(Data for this task Opens)
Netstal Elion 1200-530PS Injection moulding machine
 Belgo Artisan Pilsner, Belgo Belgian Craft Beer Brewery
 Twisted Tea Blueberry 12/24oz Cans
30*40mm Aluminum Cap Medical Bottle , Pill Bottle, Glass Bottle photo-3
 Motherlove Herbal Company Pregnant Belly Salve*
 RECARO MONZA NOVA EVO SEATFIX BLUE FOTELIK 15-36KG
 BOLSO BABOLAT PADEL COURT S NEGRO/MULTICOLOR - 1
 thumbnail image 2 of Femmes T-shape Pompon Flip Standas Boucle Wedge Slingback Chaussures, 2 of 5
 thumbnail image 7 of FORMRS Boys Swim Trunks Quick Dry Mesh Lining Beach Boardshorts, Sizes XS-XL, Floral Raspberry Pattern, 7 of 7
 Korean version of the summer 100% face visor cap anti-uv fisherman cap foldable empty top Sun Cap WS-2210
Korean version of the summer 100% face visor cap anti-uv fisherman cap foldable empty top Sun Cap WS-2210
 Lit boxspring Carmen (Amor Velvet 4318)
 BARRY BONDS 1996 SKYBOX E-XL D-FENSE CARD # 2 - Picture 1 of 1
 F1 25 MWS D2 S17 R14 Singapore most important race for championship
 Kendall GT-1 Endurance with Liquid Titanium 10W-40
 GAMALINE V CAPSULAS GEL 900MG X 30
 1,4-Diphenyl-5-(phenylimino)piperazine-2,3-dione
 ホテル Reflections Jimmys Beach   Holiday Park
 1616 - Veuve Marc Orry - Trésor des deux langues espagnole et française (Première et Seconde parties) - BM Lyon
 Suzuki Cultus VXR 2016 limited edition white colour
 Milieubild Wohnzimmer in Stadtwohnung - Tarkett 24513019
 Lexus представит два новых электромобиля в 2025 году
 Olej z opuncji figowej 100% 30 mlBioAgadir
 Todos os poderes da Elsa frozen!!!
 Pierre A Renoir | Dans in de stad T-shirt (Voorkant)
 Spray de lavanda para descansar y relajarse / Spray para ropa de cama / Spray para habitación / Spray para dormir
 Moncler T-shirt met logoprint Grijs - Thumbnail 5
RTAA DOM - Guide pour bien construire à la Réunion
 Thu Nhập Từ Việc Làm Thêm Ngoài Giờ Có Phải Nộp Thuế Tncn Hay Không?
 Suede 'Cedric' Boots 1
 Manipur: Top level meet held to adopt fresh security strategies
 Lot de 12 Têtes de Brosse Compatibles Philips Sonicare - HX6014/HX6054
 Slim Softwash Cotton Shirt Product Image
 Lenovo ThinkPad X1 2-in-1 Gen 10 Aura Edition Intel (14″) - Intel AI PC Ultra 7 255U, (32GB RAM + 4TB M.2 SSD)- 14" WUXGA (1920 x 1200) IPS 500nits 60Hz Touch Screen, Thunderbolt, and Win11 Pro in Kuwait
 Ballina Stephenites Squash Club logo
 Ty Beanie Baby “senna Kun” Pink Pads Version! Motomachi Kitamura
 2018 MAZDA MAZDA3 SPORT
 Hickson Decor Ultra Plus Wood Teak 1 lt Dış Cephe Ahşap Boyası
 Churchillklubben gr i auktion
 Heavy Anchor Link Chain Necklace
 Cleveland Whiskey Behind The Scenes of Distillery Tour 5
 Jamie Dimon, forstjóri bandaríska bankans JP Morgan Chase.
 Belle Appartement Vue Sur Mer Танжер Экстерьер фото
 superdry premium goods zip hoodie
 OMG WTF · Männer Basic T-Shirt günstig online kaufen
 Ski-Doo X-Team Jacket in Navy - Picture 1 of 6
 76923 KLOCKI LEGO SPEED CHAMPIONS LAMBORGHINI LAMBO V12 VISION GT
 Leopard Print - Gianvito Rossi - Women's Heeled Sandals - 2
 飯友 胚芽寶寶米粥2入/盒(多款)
(Data for this task Closes)
**What you are asked to do:** Repeat the entire listing exactly.

**Solved problem:**
Netstal Elion 1200-530PS Injection moulding machine
 Belgo Artisan Pilsner, Belgo Belgian Craft Beer Brewery
 Twisted Tea Blueberry 12/24oz Cans
30*40mm Aluminum Cap Medical Bottle , Pill Bottle, Glass Bottle photo-3
 Motherlove Herbal Company Pregnant Belly Salve*
 RECARO MONZA NOVA EVO SEATFIX BLUE FOTELIK 15-36KG
 BOLSO BABOLAT PADEL COURT S NEGRO/MULTICOLOR - 1
 thumbnail image 2 of Femmes T-shape Pompon Flip Standas Boucle Wedge Slingback Chaussures, 2 of 5
 thumbnail image 7 of FORMRS Boys Swim Trunks Quick Dry Mesh Lining Beach Boardshorts, Sizes XS-XL, Floral Raspberry Pattern, 7 of 7
 Korean version of the summer 100% face visor cap anti-uv fisherman cap foldable empty top Sun Cap WS-2210
Korean version of the summer 100% face visor cap anti-uv fisherman cap foldable empty top Sun Cap WS-2210
 Lit boxspring Carmen (Amor Velvet 4318)
 BARRY BONDS 1996 SKYBOX E-XL D-FENSE CARD # 2 - Picture 1 of 1
 F1 25 MWS D2 S17 R14 Singapore most important race for championship
 Kendall GT-1 Endurance with Liquid Titanium 10W-40
 GAMALINE V CAPSULAS GEL 900MG X 30
 1,4-Diphenyl-5-(phenylimino)piperazine-2,3-dione
 ホテル Reflections Jimmys Beach   Holiday Park
 1616 - Veuve Marc Orry - Trésor des deux langues espagnole et française (Première et Seconde parties) - BM Lyon
 Suzuki Cultus VXR 2016 limited edition white colour
 Milieubild Wohnzimmer in Stadtwohnung - Tarkett 24513019
 Lexus представит два новых электромобиля в 2025 году
 Olej z opuncji figowej 100% 30 mlBioAgadir
 Todos os poderes da Elsa frozen!!!
 Pierre A Renoir | Dans in de stad T-shirt (Voorkant)
 Spray de lavanda para descansar y relajarse / Spray para ropa de cama / Spray para habitación / Spray para dormir
 Moncler T-shirt met logoprint Grijs - Thumbnail 5
RTAA DOM - Guide pour bien construire à la Réunion
 Thu Nhập Từ Việc Làm Thêm Ngoài Giờ Có Phải Nộp Thuế Tncn Hay Không?
 Suede 'Cedric' Boots 1
 Manipur: Top level meet held to adopt fresh security strategies
 Lot de 12 Têtes de Brosse Compatibles Philips Sonicare - HX6014/HX6054
 Slim Softwash Cotton Shirt Product Image
 Lenovo ThinkPad X1 2-in-1 Gen 10 Aura Edition Intel (14″) - Intel AI PC Ultra 7 255U, (32GB RAM + 4TB M.2 SSD)- 14" WUXGA (1920 x 1200) IPS 500nits 60Hz Touch Screen, Thunderbolt, and Win11 Pro in Kuwait
 Ballina Stephenites Squash Club logo
 Ty Beanie Baby “senna Kun” Pink Pads Version! Motomachi Kitamura
 2018 MAZDA MAZDA3 SPORT
 Hickson Decor Ultra Plus Wood Teak 1 lt Dış Cephe Ahşap Boyası
 Churchillklubben gr i auktion
 Heavy Anchor Link Chain Necklace
 Cleveland Whiskey Behind The Scenes of Distillery Tour 5
 Jamie Dimon, forstjóri bandaríska bankans JP Morgan Chase.
 Belle Appartement Vue Sur Mer Танжер Экстерьер фото
 superdry premium goods zip hoodie
 OMG WTF · Männer Basic T-Shirt günstig online kaufen
 Ski-Doo X-Team Jacket in Navy - Picture 1 of 6
 76923 KLOCKI LEGO SPEED CHAMPIONS LAMBORGHINI LAMBO V12 VISION GT
 Leopard Print - Gianvito Rossi - Women's Heeled Sandals - 2
 飯友 胚芽寶寶米粥2入/盒(多款)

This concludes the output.